Since then, Japan's Meteorological Agency has resumed its analysis of the country's major volcanoes. It recently announced the results of its survey. "At least 21 volcanoes in Japan are at risk of erupting at craters other than those that are being closely monitored."
The announcement has left the country scrambling to step up volcanic disaster prevention measures.
The unexpected eruption
"The scene was so surreal," a witness to the Mount Kusatsu-Shirane eruption told NHK. "It was as if I was watching a movie." With the crater just 100 meters from a ski lift, the situation was very dangerous. Smoke and volcanic rock hindered transportation.
The volcano has long been monitored for activity. One of its peaks, Shirane, has been under constant surveillance. But last year's eruption took place at Moto-Shirane, a peak about two kilometers to the south. The possibility of something happening there had not been on anyone's radar. There were no security cameras, no emergency plans. The eruption prompted the Meteorological Agency to reexamine its protocol and look for any other unwatched craters.
Mount Fuji among unmarked craters
The Agency monitors 50 volcanoes around-the-clock.
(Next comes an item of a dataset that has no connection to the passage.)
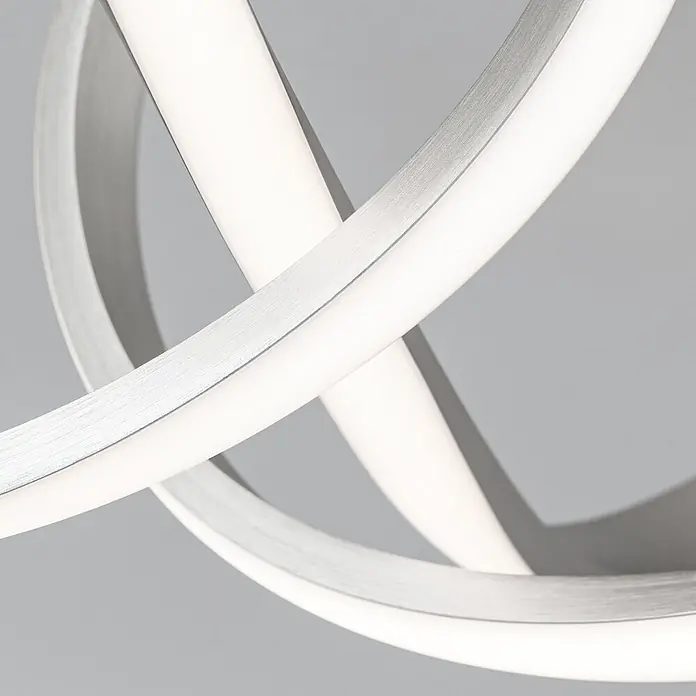 Orion Leuchten LED-Deckenleuchte - L x B x H: 27 x 25 x 27 cm - Nahaufnahme einer modernen LED-Leuchte mit verschlungenen Ringen aus gebürstetem Silber und weißem Diffusor.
But since the Mount Kusatsu-Shirane eruption, it has been searching for unmonitored craters with eruption risks. Their latest research uncovered every crater in Japan that has erupted in the past 10,000 years. They identified unmarked craters with eruption risks in at least 21 volcanoes.
"All craters have risks," says Professor Mitsuhiro Nakagawa of Hokkaido University. "The eruption last January underlined the need to further examine where exactly such craters are located."
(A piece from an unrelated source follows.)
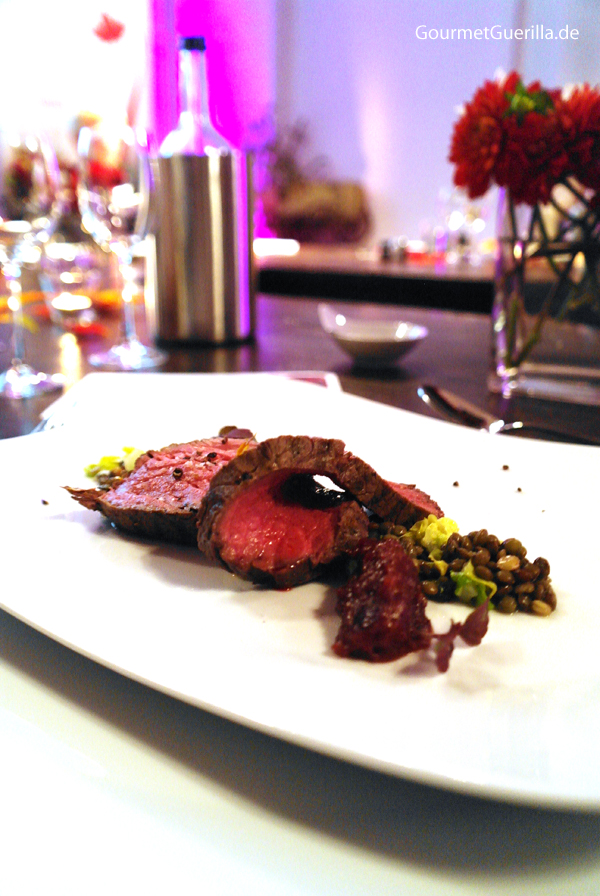 Bison fillet with lentils and cranberry mustard chutney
One of the 21 volcanoes flagged by the Agency's research is Japan's tallest and most famous peak, Mount Fuji. The survey located an unwatched crater near a Ground Self-Defense Force training area at the foot of the mountain.
Mitsuhiro Yoshimoto at the Mount Fuji Research Institute has conducted a detailed geographical survey of the area. He discovered a 500-meter long crater which had erupted about 1,500 years ago.
Experts believe lava reached a nearby settlement, only 1.5 kilometers away. Yoshimoto warns that people should be prepared and evacuation measures should be in place.
"The presence of a crater means there was an eruption in the past," he says. "Particular caution needs to be taken in places where craters are found. Residents and municipalities should be fully aware of the risks."
Preparing for risks
The Mount Kusatsu-Shirane eruption prompted a town in the northern prefecture of Hokkaido to start taking precautions.
Kamifurano lies at the foot of Mount Tokachi. Town officials have been on alert for a possible eruption from what's known as the "62-2 crater." But new Agency research has identified an eruption risk at another crater, called "Nukkakushi."
An eruption warning has been posted at the entrance of an inn just 1.6 kilometers away. Similar signs can be found at the registration area where climbers sign up for treks up Mount Tokachi.
Before the discovery of the risk posed by the "Nukkakushi" crater, the inn had plans to evacuate visitors to its cafeteria in the event of an eruption. But the measure was adjusted because the cafeteria windows face the crater.
Instead, the inn will evacuate visitors to a basement level.
"It would fit about 100 people," a worker at the inn said. "We need to ensure the safety of our guests, so we need to be better prepared."
"We shouldn't worry about whether pointing to disaster risks will keep tourists away," a Kamifurano official said. "Rather, we should emphasize the fact that our town coexists with a volcano. What's important is to fully grasp the risks."
Agency steps up security at the craters
The Meteorological Agency says it will increase its monitoring of the craters at the 21 volcanoes. It plans to set up new security cameras around unmonitored craters at seven of the volcanoes, including Mount Hakone near Tokyo. It will also use webcams already put in place by municipalities and other groups.
Officials say the craters that had already been under watch are the likeliest to erupt. But what happened at Mount Kusatsu-Shirane last January has shown that caution must be exercised even at craters that are believed to be low risk.
The Agency is required to share information with local municipalities and make sure residents and tourists are adequately warned of the risks.